Vincent Van Gogh, la sua storia racchiusa fra arte e psicologia
Vincent Van Gogh nasce il 30 marzo 1853 (in Olanda). Lo stesso esatto giorno in cui un anno prima la madre vide nascere morto il proprio bambino (si chiamava Vincent), lutto che la madre non superò mai completamente. Questo infestò la normale infanzia che l’artista non poté mai vivere. La sua unica colpa era di esistere e, purtroppo, ebbe inizio il malessere interiore del pittore.
Durante l’infanzia viene descritto dalla sorella come un ragazzo introverso, solitario e che trovava rifugio nella natura. Vincent ha sofferto di diversi disturbi mentali. Questi furono in grado di influenzare il suo normale funzionamento psichico quali schizofrenia, epilessia, sifilide, iper-grafia, depressione maniacale, paranoia, sindrome di Geschwind e ipoteticamente autismo (secondo nuovi studi persino disturbo bipolare e personalità borderline).
La sua idea era quella che un’opera per essere compiuta/scritta/disegnata ha bisogno di quella specifica biografia (che definisce l’universo dell’artista).
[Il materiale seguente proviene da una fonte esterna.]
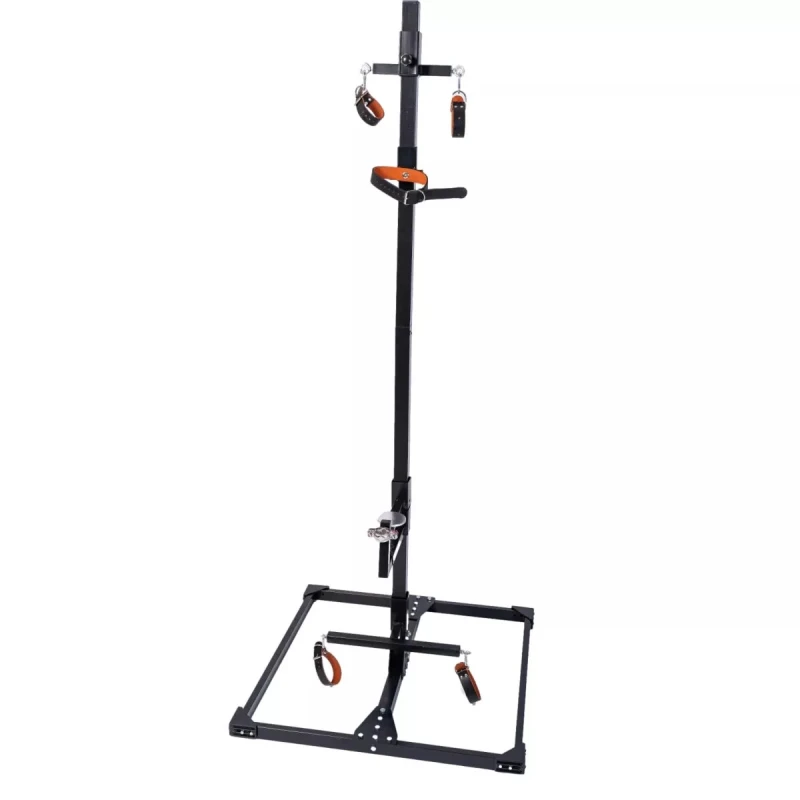 MIETEN Basic V Pranger + Sex-Maschine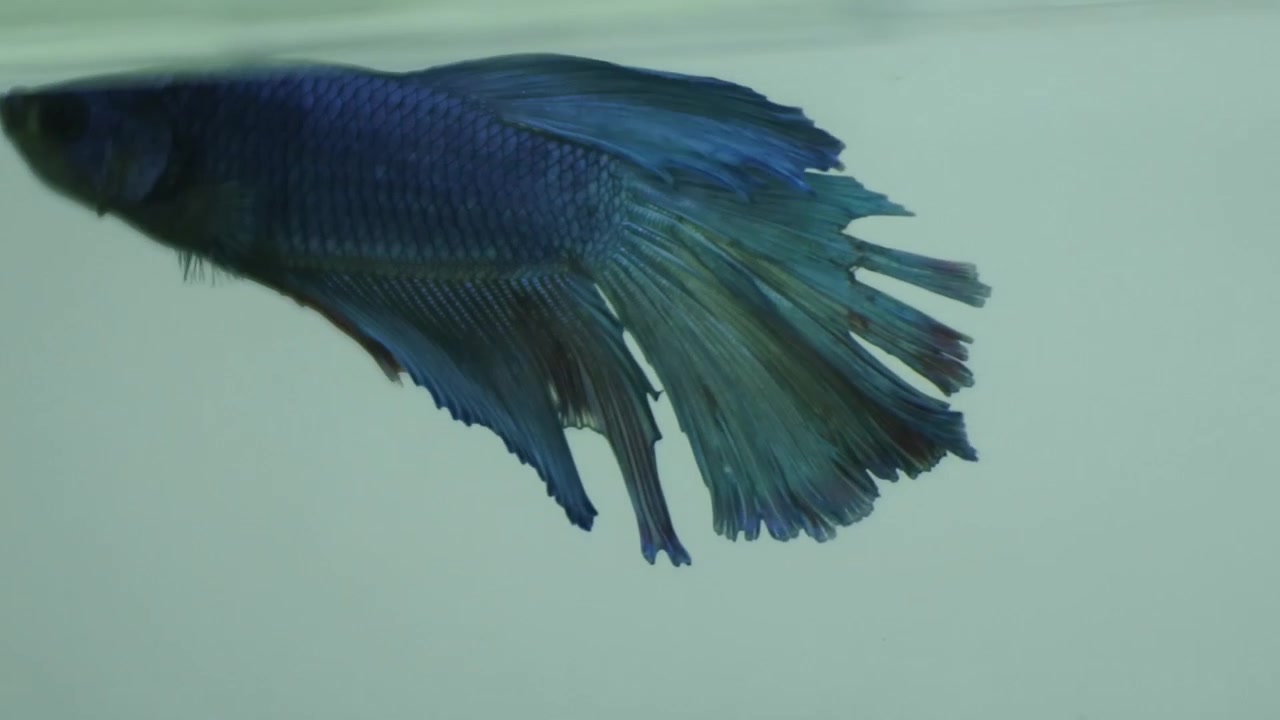 Pesce blu d'acqua dolce in acquario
Van Gogh infatti rappresenta la realtà attraverso l’espressione del suo io interiore, che come possiamo comprendere dalla sua breve vita, è un io sofferente.
Da uno zio pittore impara ad usare la tavolozza, dato che lui sapeva unicamente disegnare.
Vincent si lega però ad una prostituta che dipinge più volte i quadri come “sorrow”, ma che lo porterà a perdere il sostegno di suo padre, di suo zio e del fratello. In seguito smetteranno di sostenerlo economicamente. Torna a vivere col padre in Olanda, nella parrocchia dove esso fa da pastore.
Nel 1879 si reca in Belgio, nelle miniere del Borinace, dove si prende cura dei malati e predica la bibbia ai minatori, decidendo di vivere come loro in povertà e dormendo in una baracca. Esperienza che lo portò a dipingere alcune delle sue più famose opere quali “i mangiatori di patate”.
Vincent Van Gogh, di fatto inizia a dipingere solamente a 26 anni. In poco più di 10 anni di esperienza come artista, produsse indicativamente 900 dipinti e 1100 disegni, che lo sostennero poiché come disse lui “l’arte è disciplina consolatoria per cuori sofferenti”.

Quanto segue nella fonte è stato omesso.